Yazidi women enslaved by ISIS say they didn’t agree to be in ‘Sabaya’ film

A promotional image from the documentary “Sabaya.” (Photo: MTV Documentary Films via The New York Times)

SULAIMANI (ESTA) — Yazidi women who were shown in “Sabaya” film about enslaved Yazidis by Islamic State (ISIS) militants said they did not agree to be in the film, New York Times reported.

The film, from Sweden, portrays the rescue of Yazidi women who were sexually enslaved by ISIS militants.

The acclaimed documentary won the prestigious Sundance Film Festival award for best director of a foreign documentary this year and opened the Human Rights Film Festival last month in Berlin, according to The Times.

Three of the women told the newspaper that they did not understand what the film’s director, Hogir Hirori, planned to do with the footage or were told that the film would not be accessible in Iraq or Syria.

Another woman said she knew he was making a film, but told him she did not want to be in it.

The New York Times said a Kurdish-Swedish doctor also made clear that she did not want to appear in the documentary.

“I told them I do not want to be filmed,” the newspaper quoted one of the women as saying. “It’s not good for me. It’s dangerous.”

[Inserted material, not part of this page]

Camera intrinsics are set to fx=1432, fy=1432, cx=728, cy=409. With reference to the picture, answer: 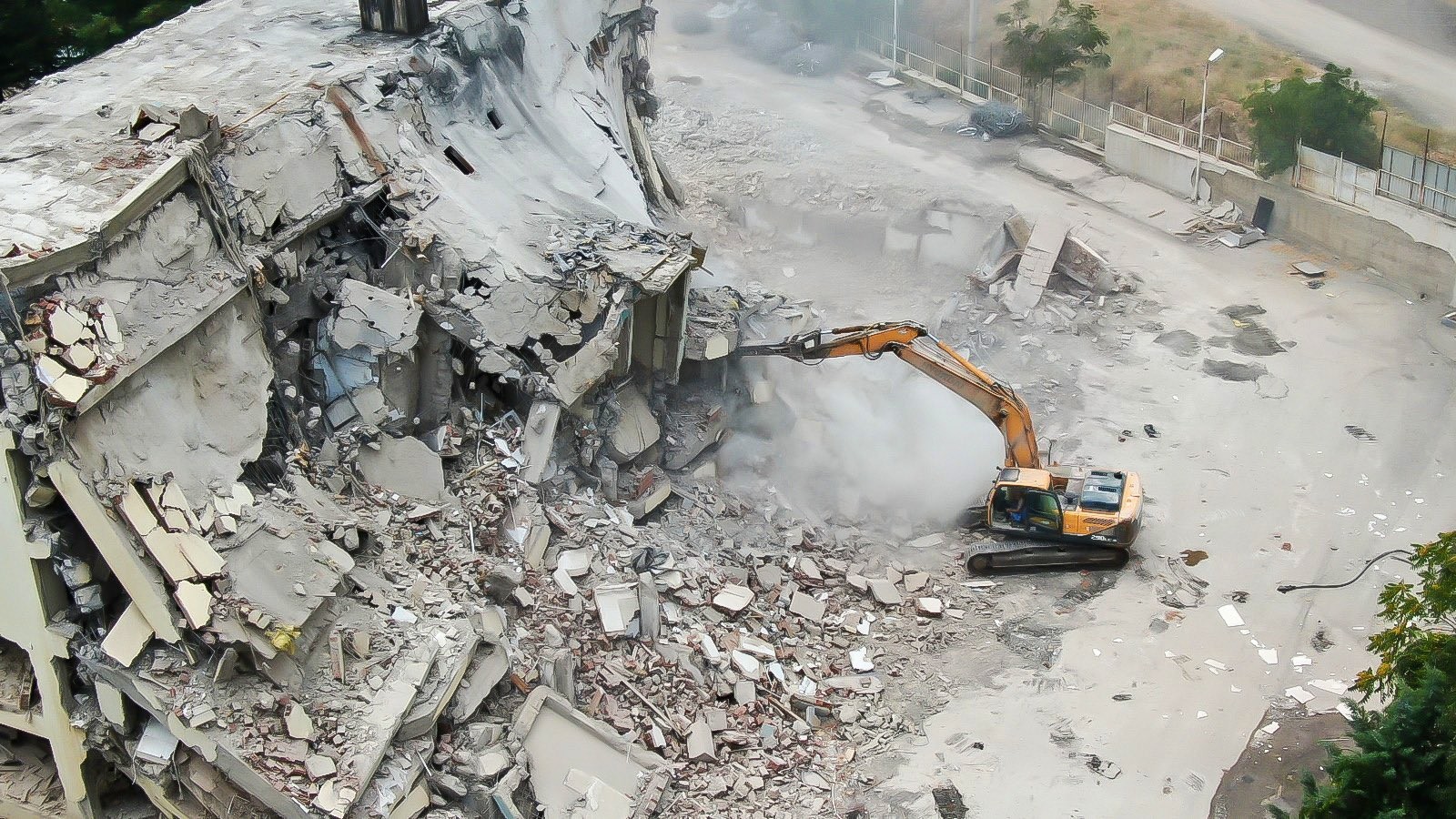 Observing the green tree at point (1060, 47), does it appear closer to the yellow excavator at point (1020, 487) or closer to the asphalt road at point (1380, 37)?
the asphalt road at point (1380, 37)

However, the director, who is a Swedish citizen and former Kurdish refugee, said he had gotten verbal, written or filmed consent from all of the women identifiable in the film.

Hirori spent almost two years making the film in 2019 and 2020 and took several trips to Syria and Iraq.

“Some people changed their minds,” he told The Times.

The film depicts efforts to rescue Yazidi women by two Yazidi community leaders and guards at the chaotic and dangerous al Hol detention camp in northeastern Syria.

One scene in the film shows Dr. Nemam Ghafouri, a Swedish doctor who helped Yazidi women for years, according to The New York Times.

Ghafouri died in March after contracting coronavirus while reuniting Yazidi mothers with their young children fathered by ISIS militants.

One of her sisters, Dr. Nazdar Ghafouri, told The Times that there were text exchanges with Hirori still on her sister’s phone reminding him that she had not wanted to be in it.

The film touches on the highly charged topic of separation of Yazidi women from their children fathered by ISIS fighters.

Islamic State overran the Yazidi faith’s heartland of Sinjar in northern Iraq in 2014, forcing young women into servitude as “wives” for its fighters and massacring men and older women.

The militants shot, beheaded, burned alive or kidnapped more than 9,000 members of the minority religion, in what the United Nations has called a genocidal campaign against them. According to community leaders, more than 3,000 Yazidis remain unaccounted for.